** Provided data **

--- START ---

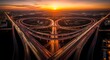 © Al Amin - Spectacular sunset over a complex highway interchange a golden hour aerial view of urban infrastructure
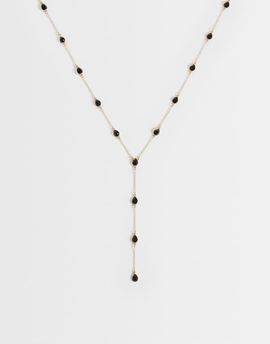 ASOS DESIGN ASOS DESIGN long lariat necklace with multi stone detail in gold tone
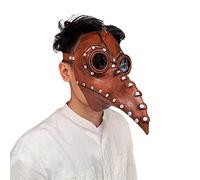 YolieraArt H O M E T O P I A Plague Doctor Mask, Latex Steampunk Beak Face Cover with Metal Studs, Halloween Costume Prop for Cosplay and Horror Theme Party (The beak is copper-colored)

--- END ---

** Assignment **
Leaving every picture out, repeat each line of the material exactly.

** Written answer **
 © Al Amin - Spectacular sunset over a complex highway interchange a golden hour aerial view of urban infrastructure
 ASOS DESIGN ASOS DESIGN long lariat necklace with multi stone detail in gold tone
 YolieraArt H O M E T O P I A Plague Doctor Mask, Latex Steampunk Beak Face Cover with Metal Studs, Halloween Costume Prop for Cosplay and Horror Theme Party (The beak is copper-colored)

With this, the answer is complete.